Opinion: Is There Room for Science and Evidence in Trump’s Budget?
Administration should not ignore this key protocol in policymaking
More than a year after President Donald Trump’s inauguration, it is surprisingly difficult to know where the administration stands in the debate about evidence-based policymaking. Inconsistent signals across government agencies suggest the lack of a uniform philosophy about how science and evidence inform policy decisions that affect the American public.
Policymaking informed by evidence can improve outcomes, make public policies more effective and efficient, and help restore flagging trust in our government institutions. Because of the existing bipartisan support for evidence-based policymaking, we remain optimistic that the administration can and will responsibly support the use of science and evidence.
The confusion created over the past year could all end soon. This month, the president is scheduled to release his fiscal 2019 budget request, a document submitted to Congress with policy proposals that will affect the entire government. Following the model of Presidents George W. Bush and Barack Obama, the budget may shed much-needed light on the administration’s approach to using science and evidence.
This will be the first Trump administration budget since the U.S. Commission on Evidence-Based Policymaking submitted its bipartisan and unanimous recommendations to the president and Congress in September 2017. The administration has been conspicuously quiet about whether it supports implementing the suggestions to improve access to government data, strengthen privacy protections, and grow the capacity to build and use evidence in developing government policies and programs.

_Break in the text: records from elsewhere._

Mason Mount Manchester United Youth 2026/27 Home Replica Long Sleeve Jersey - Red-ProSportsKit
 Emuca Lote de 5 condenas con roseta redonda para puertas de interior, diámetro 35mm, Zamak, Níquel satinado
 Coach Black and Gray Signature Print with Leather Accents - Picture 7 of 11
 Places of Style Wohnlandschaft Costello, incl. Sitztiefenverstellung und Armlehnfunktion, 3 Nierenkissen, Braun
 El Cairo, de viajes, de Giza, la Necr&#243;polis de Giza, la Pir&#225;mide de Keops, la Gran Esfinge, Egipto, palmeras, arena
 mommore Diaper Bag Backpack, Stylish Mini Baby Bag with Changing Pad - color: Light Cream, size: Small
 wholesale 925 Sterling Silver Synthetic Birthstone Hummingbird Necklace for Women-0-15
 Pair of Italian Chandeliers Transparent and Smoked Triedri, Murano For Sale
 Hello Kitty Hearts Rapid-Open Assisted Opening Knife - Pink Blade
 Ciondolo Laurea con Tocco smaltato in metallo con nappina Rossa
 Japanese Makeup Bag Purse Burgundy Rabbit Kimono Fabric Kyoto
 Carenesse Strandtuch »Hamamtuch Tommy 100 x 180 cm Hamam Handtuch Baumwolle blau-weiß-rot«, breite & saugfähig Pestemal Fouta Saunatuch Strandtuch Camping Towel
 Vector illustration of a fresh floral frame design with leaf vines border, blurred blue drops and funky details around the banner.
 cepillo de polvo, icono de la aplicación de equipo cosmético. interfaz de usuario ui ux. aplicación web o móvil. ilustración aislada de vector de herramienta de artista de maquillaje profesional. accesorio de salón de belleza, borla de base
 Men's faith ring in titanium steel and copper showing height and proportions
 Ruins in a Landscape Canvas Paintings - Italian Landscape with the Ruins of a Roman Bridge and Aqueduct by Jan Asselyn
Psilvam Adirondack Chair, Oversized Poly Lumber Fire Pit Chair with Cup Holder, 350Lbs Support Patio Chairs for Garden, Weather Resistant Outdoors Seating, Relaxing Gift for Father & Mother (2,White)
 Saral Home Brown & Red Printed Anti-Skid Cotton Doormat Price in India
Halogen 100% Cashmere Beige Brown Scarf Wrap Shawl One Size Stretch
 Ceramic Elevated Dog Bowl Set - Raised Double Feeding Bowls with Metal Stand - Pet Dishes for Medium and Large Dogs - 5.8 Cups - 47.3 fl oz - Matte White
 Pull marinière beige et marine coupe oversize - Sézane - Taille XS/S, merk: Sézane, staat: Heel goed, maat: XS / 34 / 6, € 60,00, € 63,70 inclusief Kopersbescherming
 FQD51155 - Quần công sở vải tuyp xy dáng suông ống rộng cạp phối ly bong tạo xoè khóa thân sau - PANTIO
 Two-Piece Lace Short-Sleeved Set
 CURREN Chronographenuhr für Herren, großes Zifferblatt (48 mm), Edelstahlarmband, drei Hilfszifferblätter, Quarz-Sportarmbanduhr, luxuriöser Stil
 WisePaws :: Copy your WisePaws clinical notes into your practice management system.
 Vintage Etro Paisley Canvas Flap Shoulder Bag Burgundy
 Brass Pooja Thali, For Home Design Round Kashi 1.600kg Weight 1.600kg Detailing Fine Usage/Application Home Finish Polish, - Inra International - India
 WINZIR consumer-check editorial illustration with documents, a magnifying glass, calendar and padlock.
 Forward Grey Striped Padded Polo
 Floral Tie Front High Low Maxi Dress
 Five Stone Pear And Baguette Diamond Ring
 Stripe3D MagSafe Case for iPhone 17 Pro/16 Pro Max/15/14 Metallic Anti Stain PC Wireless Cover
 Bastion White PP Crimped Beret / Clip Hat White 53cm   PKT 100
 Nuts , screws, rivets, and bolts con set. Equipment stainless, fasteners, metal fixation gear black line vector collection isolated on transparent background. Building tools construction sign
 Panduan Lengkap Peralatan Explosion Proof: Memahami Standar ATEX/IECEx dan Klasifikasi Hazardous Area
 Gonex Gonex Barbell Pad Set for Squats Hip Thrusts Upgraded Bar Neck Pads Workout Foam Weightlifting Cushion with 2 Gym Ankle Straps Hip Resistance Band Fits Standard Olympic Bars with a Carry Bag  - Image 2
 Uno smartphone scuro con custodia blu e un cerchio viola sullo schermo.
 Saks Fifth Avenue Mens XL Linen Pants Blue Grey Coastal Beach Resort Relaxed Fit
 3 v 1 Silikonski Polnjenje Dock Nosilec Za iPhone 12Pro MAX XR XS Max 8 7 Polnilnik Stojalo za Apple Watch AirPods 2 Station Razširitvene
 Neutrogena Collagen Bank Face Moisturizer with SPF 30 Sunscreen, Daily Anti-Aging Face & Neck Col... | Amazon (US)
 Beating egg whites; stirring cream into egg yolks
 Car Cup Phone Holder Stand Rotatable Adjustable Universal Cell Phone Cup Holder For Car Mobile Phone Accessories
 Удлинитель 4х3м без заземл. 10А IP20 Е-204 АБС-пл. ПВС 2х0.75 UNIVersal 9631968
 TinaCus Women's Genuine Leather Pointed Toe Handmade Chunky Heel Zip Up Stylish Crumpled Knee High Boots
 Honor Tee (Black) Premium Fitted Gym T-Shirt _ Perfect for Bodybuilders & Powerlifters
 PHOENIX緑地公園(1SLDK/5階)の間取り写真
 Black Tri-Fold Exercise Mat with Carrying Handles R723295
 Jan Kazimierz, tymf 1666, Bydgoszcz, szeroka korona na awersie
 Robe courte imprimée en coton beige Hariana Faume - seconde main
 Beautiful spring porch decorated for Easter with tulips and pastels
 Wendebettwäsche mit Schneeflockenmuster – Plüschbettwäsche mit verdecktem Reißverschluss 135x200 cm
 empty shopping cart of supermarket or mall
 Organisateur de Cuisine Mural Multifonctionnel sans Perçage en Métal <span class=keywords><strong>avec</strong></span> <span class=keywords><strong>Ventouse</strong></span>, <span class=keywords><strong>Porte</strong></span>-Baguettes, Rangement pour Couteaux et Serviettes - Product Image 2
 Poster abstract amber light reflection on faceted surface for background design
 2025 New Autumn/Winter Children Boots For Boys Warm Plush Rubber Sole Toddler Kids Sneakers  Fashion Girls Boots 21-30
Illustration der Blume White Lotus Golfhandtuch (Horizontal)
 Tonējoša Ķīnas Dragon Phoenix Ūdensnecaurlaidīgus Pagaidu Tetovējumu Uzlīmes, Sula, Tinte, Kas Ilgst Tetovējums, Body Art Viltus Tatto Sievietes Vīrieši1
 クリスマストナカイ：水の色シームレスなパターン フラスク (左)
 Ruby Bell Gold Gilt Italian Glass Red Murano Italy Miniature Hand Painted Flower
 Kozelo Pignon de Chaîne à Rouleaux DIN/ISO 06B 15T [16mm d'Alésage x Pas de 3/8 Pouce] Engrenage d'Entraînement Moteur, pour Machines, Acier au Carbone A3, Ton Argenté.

But the upcoming budget will contain telltale signs of the administration’s support for evidence-based policymaking. Here are four key areas to watch:
1. Evidence commission recommendations
The evidence commission offered 22 specific recommendations that the administration could choose to act on — in many cases, without requiring new legislation. The allocation of resources or affirmative policy statements in the budget documents will not only indicate the general level of support, but also tell us what specific steps the administration is willing to take to help programs perform effectively.
2. Evidence as a tool, not a weapon
One perpetual fear of government program managers engaged in developing evidence is that the information is only used by politicians to justify funding cuts or program terminations. This long-feared tactic by government agencies presents a major obstacle to convincing managers to engage in meaningful evaluation activities. Whether the administration chooses to weaponize evaluation will be reflected in how it justifies program funding reductions. If negative evaluations are used to suggest program or operational improvements, the administration will be seen as using evidence as a learning tool, not a weapon.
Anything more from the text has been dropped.